Greater Manchester Savers is a network of women-led and resident-led savings groups which aims to link up residents from across Greater Manchester to share ideas, experiences and strategies for reducing poverty in our neighbourhoods, towns and cities. We are also focused on exchanging knowledge and experience with groups across the UK and internationally. We have been learning from the approaches of a social movement called Shack/Slum Dwellers International.

Each of the member groups in our network is its own independent organisation. Members from all the groups meet together as a network quarterly, but we also do learning exchanges with each other and with other groups in between times. We work in partnership with a range of professional organisations whom we need to work together with to advance the interests of low income residents from the neighbourhood level to the city-regional level. Our primary professional partner organisation is Community-Led Action and Savings Support (CLASS). We are resident-led: our groups and our network plan and make decisions independently of supporters or partners.

Our approach


Savings is about trust and creates a glue that keeps people coming together. It is an approach that helps us bring women and other residents together to support each other. When a savings scheme begins, it is usually among either an existing group or an informally connected group of people who already know each other and want to try it out. They begin holding savings meetings. By saving small amounts together at the same time they build trust and a culture of savings. When they meet they share their problems which promotes health and well being. If someone is missing we get in touch to make sure they are okay. Over time, members recognise that many people have the same problems and some of these are linked to gaps in services or community assets. Members also share ideas for positive action and making money work for them collectively. Examples from existing groups include markets, food cooperatives, co-financing community space renovations, trips away for families or children, and fundraising or consultation events.

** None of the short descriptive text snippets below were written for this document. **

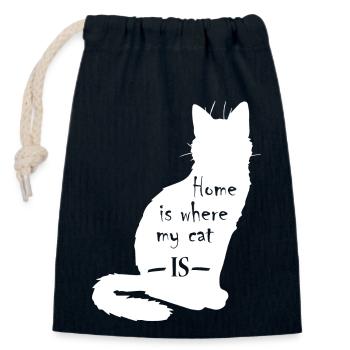 Cat Cat Pet - Closable cotton gift bag (14x20cm) - navy - Front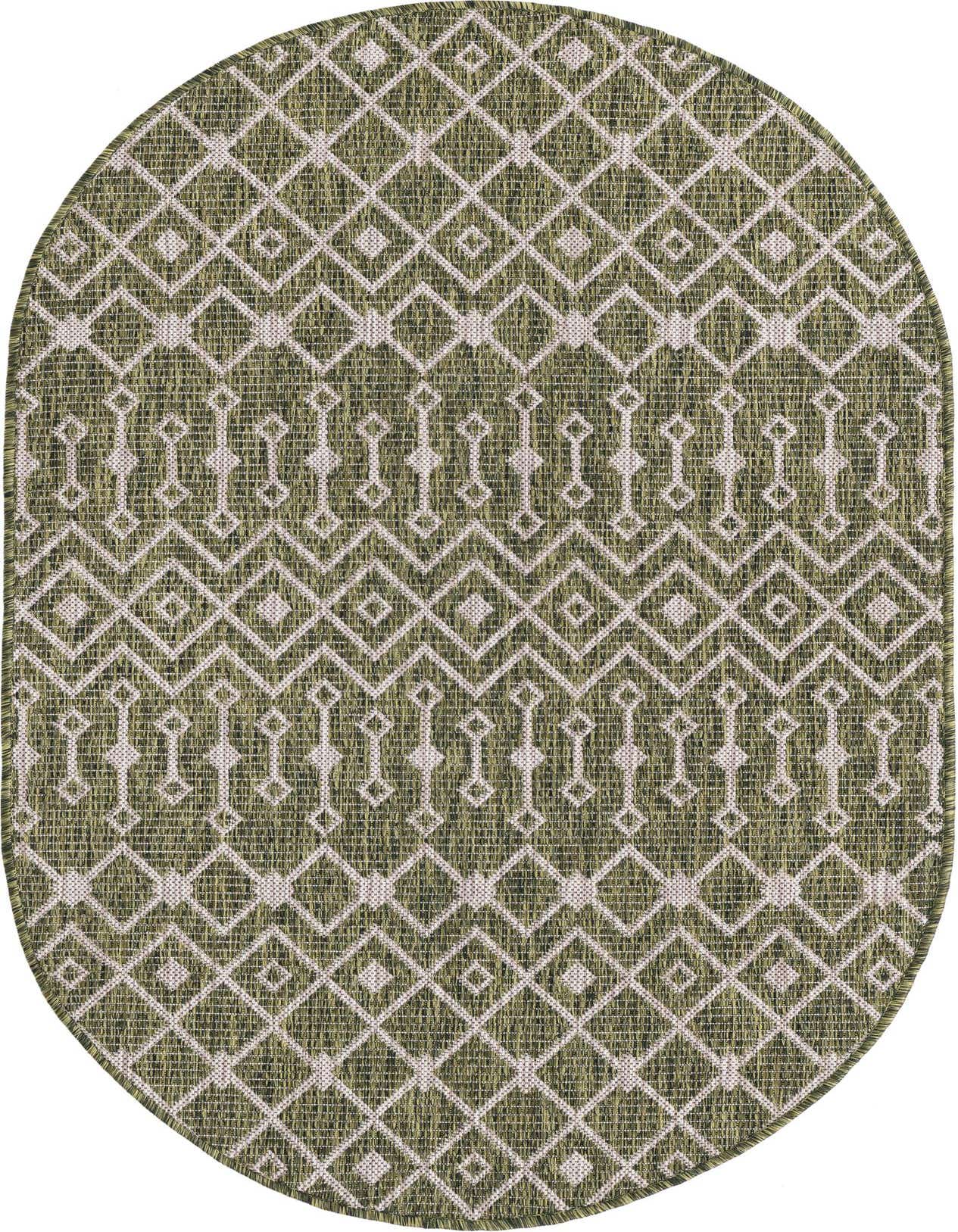 An oval 3' 0 x 5' 3 green indoor/outdoor rug with a repeating tribal diamond and bar pattern.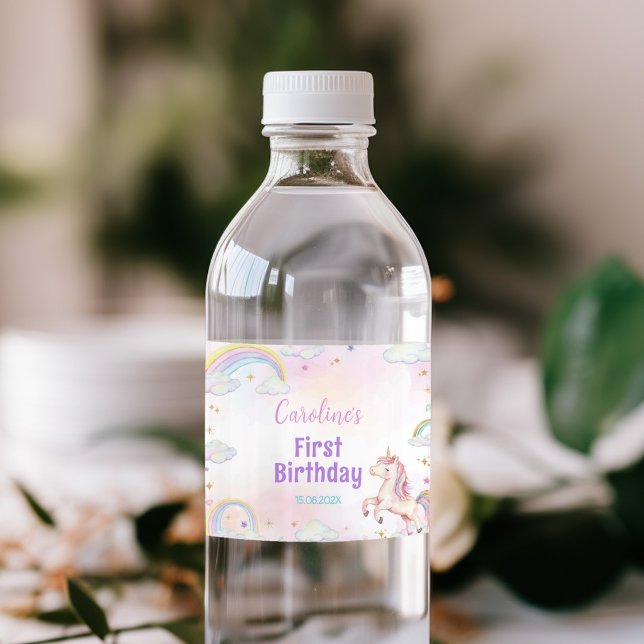 Rainbow Unicorn First Birthday Vattenflaska Label Vattenflaskor Etikett (Skapare uppladdad)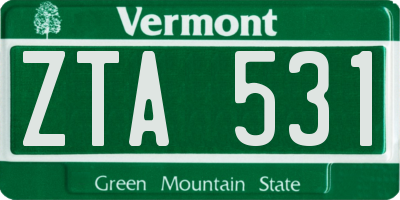 VT license plate ZTA531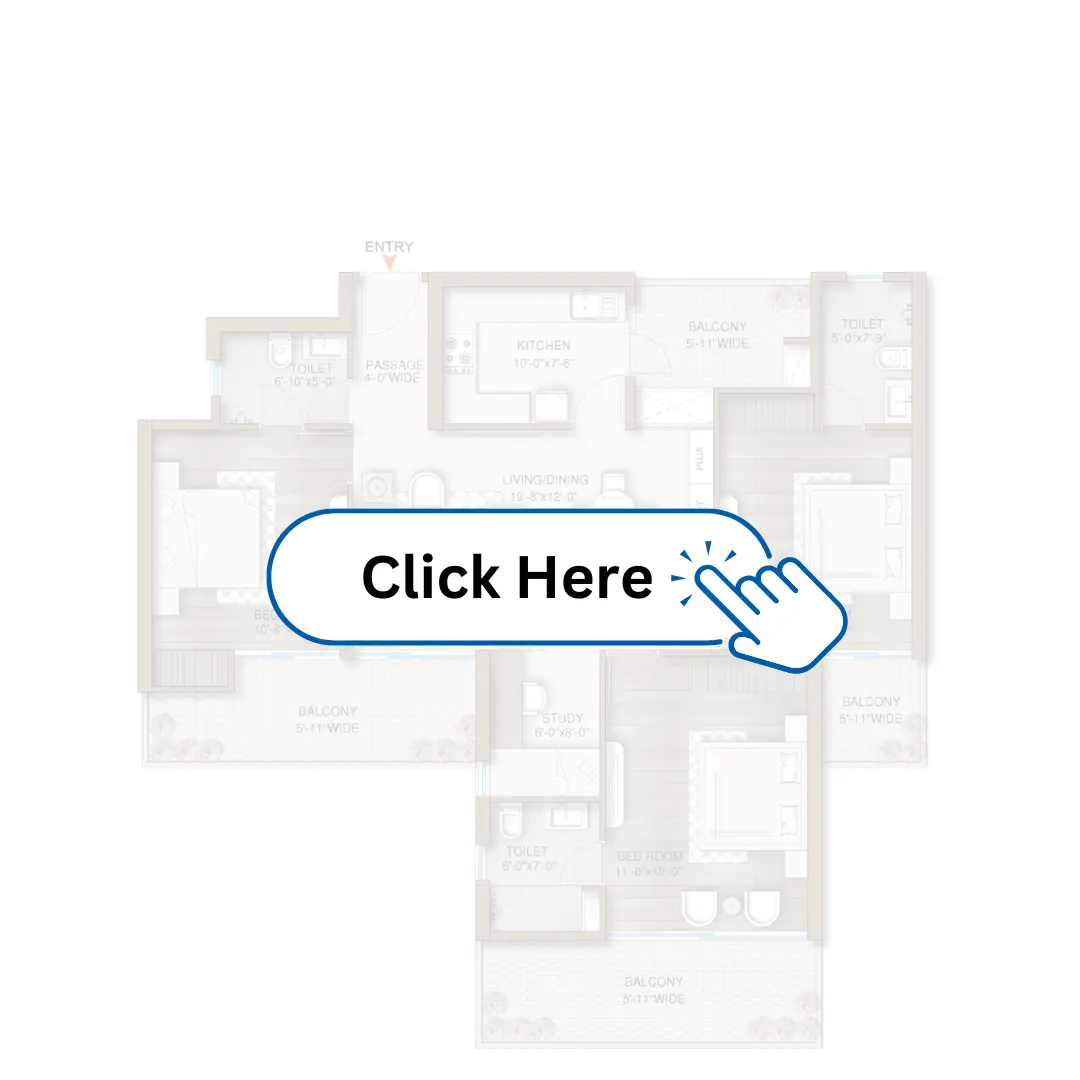 Lake City at Sector 103, 3 BHK Floor Plan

Savings is open to anyone of any gender but the approach often appeals the most to women who are often the ones managing household finances and also most often the ones involved in community activity. These ideas first began circulating in Greater Manchester after a series of exchanges between women’s groups and South African and Kenyan activists associated with the international social movement Shack/Slum Dwellers International whose membership is 85% women. Savings-based organising is about ensuring that low income women who are often the most active at a community level but have limited influence over local decision-making, are able to come together to advance their own interests and those of their households and wider community. In some savings movements, members also believe that women are more reliable when handling money!

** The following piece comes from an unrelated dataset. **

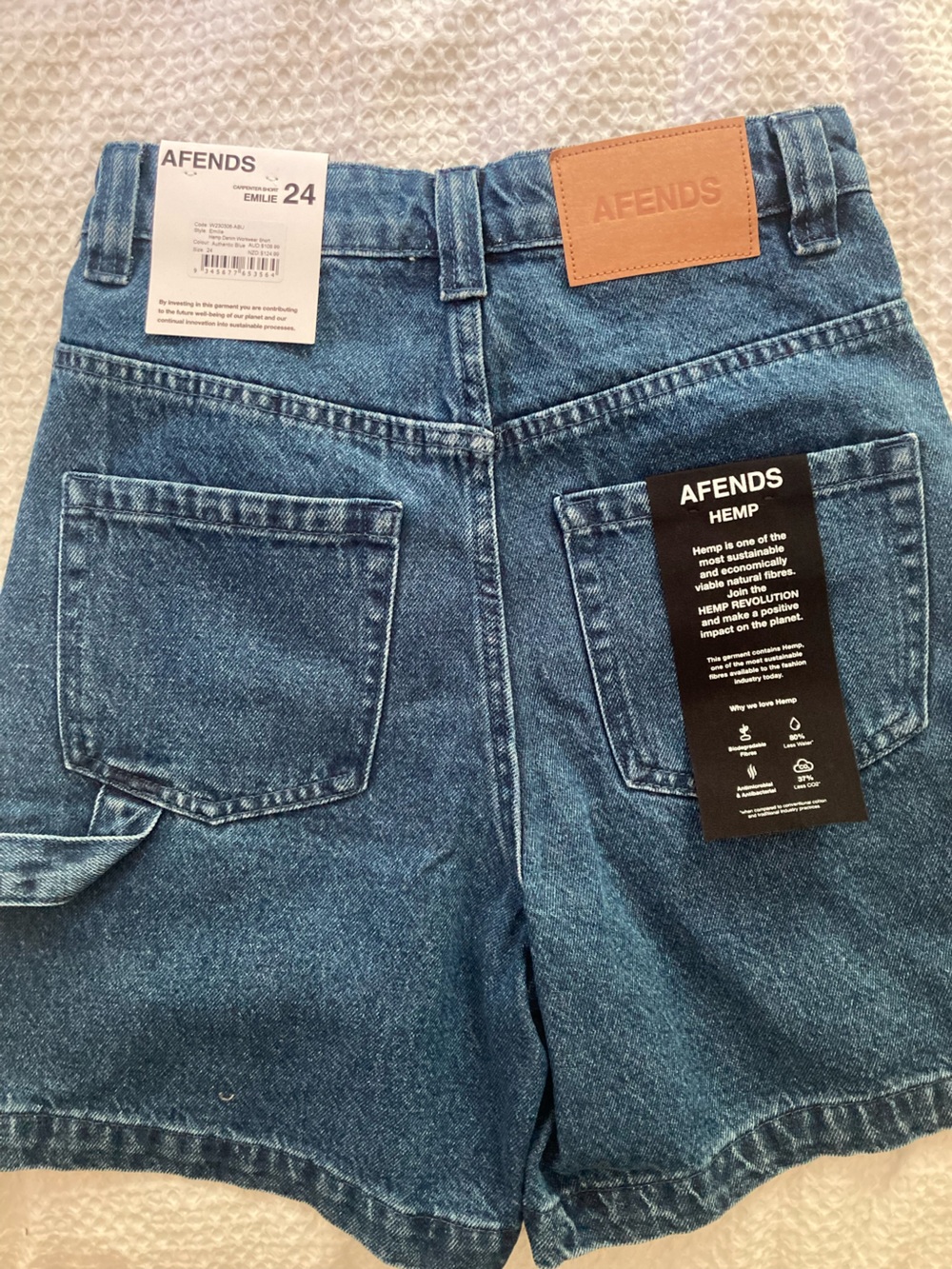 Afends Mid Blue High-Rise Denim Shorts - Picture 6 of 6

Learning exchanges and collective voice

Savings groups work together to think about what is available and what is missing in their area. They look for what is already there and seek to work with and build on those strengths, and to network initiatives together for a stronger local and united voice. Savings groups also build up an awareness about common experiences and challenges between people living in low income areas through learning exchanges with groups in their own and other similar neighbourhoods. New savings groups also emerge after learning exchanges with existing savings groups. Savings-based organising is strongly rooted in communities teaching and learning from each other on the basis of their own experiences. Savings groups continue to network with each other, eventually neighbourhood-wide and city-wide networks of groups emerge and groups begin to form alliances with key agencies and professionals who can work with them to advance their interests. Capacity emerges for resident-led (and particularly women-led) neighbourhood planning and developments which have local ownership and are more relevant to local priorities. These developments contribute to poverty reduction.